DATA SHOWN:
-- Opening Marker --
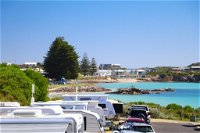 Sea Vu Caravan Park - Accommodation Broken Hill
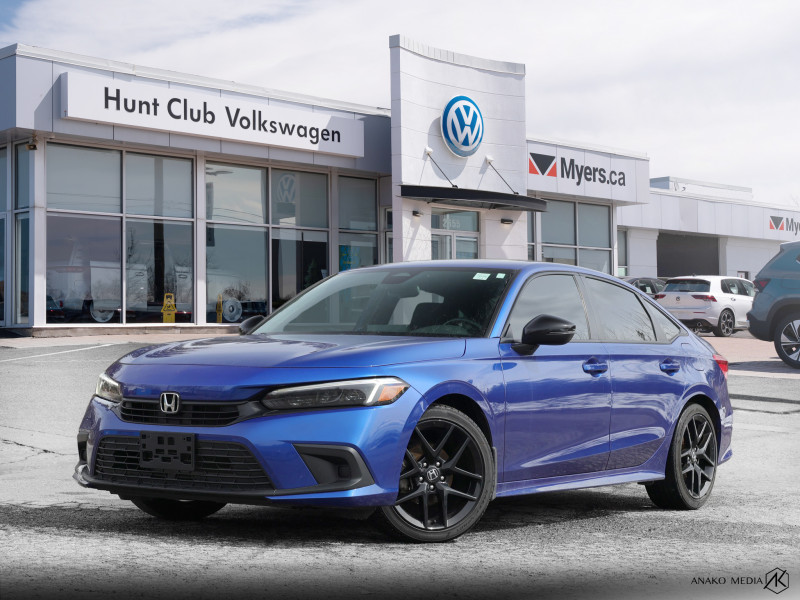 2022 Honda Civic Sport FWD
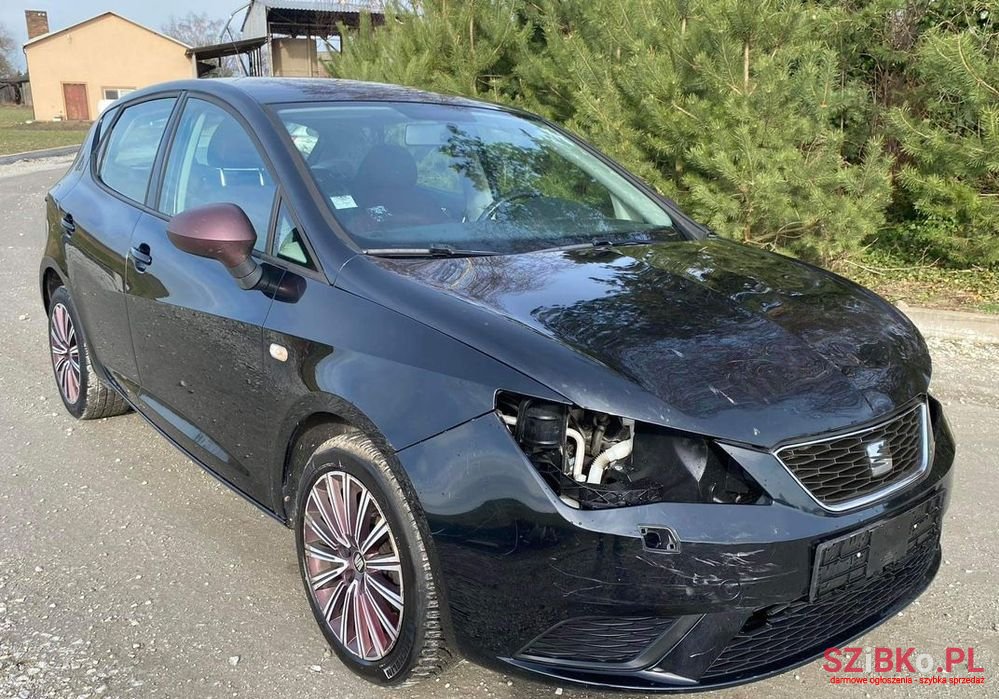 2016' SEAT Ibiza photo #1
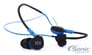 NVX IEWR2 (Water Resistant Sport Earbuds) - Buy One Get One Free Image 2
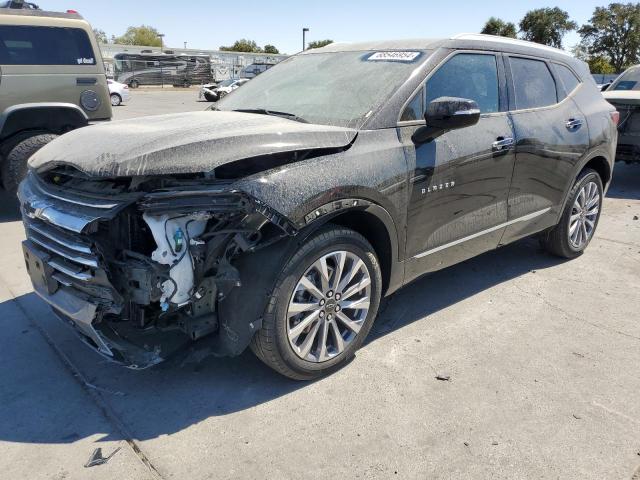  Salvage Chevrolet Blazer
-- Closing Marker --
PROMPT:
Your answer should hold only the lines from the line with "NVX IEWR2 (Water" through the closing line of the records, restated exactly and free of pictures.

EXERCISE ANSWER:
 NVX IEWR2 (Water Resistant Sport Earbuds) - Buy One Get One Free Image 2
  Salvage Chevrolet Blazer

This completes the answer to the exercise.